08/08/2019, 12:57
Dureza pura
por André Cunha
Mulheres Difíceis, escrito por Roxane Gay e publicado no Brasil pela Globo Livros, é uma coletânea de contos que retratam mulheres de personalidade… difícil. Apesar disso, a leitura da maioria das histórias flui com facilidade. A contracapa vem lotada de elogios. Pra revista People, Gay é “provocativa, chocante, hilária.” Pro The Guardian, “uma autora prodígio, um talento surpreendente.” A orelha descreve os contos como “magistrais” e “um panorama impressionante e ousado do que é ser mulher hoje em dia.”
Convenhamos, todas as mulheres são difíceis, todos os homens também, afinal a própria condição humana implica em certa… dificuldade. O que a autora faz é explorar a sensibilidade feminina nos Estados Unidos hoje em dia, uma sociedade consumista, violenta, desigual e muitas vezes intolerante com a diferença. Os personagens masculinos são em grande parte machistas, agressivos e, no limite, criaturas repulsivas. As pessoas em geral são falsas.
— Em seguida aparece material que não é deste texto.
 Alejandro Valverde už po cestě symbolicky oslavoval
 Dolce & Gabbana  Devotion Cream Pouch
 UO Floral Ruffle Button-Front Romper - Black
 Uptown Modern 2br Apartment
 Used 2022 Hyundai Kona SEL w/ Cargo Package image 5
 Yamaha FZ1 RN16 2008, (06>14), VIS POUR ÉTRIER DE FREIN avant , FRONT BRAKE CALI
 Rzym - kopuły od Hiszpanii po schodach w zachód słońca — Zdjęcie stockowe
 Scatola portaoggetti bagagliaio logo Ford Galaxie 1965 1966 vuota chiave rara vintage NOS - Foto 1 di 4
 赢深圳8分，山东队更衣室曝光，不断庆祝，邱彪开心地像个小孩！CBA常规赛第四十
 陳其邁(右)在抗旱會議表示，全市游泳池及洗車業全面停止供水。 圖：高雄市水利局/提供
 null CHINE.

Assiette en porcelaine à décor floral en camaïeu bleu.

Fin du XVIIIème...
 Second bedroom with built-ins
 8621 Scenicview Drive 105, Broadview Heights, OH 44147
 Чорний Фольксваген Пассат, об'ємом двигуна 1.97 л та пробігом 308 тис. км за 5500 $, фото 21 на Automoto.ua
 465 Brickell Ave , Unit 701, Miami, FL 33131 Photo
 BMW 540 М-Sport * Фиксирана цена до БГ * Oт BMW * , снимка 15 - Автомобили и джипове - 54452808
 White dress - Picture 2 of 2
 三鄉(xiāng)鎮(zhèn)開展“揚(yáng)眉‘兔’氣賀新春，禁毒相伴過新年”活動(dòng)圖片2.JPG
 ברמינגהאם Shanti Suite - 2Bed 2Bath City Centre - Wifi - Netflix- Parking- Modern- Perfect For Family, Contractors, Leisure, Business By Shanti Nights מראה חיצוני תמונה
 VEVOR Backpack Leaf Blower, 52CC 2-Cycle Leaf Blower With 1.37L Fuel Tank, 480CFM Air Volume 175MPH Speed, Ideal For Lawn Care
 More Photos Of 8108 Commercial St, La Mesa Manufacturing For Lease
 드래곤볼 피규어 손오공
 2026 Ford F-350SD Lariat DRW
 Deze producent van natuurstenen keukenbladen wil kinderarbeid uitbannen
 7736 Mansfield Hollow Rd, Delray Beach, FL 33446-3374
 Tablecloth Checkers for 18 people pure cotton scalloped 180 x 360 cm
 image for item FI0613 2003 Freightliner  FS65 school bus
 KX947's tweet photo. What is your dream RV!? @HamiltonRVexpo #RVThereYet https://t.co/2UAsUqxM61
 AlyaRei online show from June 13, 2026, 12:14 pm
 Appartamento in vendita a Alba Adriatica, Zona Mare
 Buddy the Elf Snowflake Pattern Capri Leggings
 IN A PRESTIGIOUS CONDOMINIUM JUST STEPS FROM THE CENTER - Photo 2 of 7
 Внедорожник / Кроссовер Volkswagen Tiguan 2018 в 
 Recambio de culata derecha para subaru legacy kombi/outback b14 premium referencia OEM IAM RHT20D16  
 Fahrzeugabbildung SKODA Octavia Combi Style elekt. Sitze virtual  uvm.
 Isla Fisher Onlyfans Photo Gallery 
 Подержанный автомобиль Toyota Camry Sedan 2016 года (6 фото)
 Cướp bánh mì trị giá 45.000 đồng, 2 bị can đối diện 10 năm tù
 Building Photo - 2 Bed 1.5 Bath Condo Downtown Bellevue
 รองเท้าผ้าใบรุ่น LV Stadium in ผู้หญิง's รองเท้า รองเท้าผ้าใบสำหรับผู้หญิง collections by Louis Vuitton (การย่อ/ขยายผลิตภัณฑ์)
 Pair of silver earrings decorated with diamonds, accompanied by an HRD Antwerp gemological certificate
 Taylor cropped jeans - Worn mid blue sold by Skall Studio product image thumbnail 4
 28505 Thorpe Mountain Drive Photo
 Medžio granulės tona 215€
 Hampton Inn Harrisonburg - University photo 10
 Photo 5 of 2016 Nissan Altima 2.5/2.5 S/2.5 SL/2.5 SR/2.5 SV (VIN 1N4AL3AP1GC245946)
As histórias tendem a acabar mal.
Uma personagem é descrita dessa forma: “Milly é gorda e feia, mas faz um bom boquete, então quase nunca dorme sozinha, o que não significa que não se sinta sozinha. Na realidade Milly não é feia, mas bem que podia ser. Tem o rosto bonito, o que equivale a ser feia quando a mulher é gorda. No cálculo complexo entre homens e mulheres, Milly sabe que gorda é sempre feia e que ser feia e magra deixa uma mulher radicalmente mais desejável do que gorda e qualquer outra combinação, tipo bonita charmosa, inteligente ou legal.” Confere?
Gay é filha de imigrantes e não exatamente magra (tema sobre o qual escreve em Fome – Uma Autobiografia do Meu Corpo, também publicado pela Globo Livros). Não tão bom quanto Cat Person e Outros Contos (Cia das Letras), de Kristen Roupenian, outra coletânea publicada no Brasil em 2019 que aborda o universo feminino contemporâneo, Mulheres Difíceis é uma obra interessante, mas irregular – dois ou três contos médio-fracos estão sobrando. A autora podia ter cortado uma gordurinha. Do livro.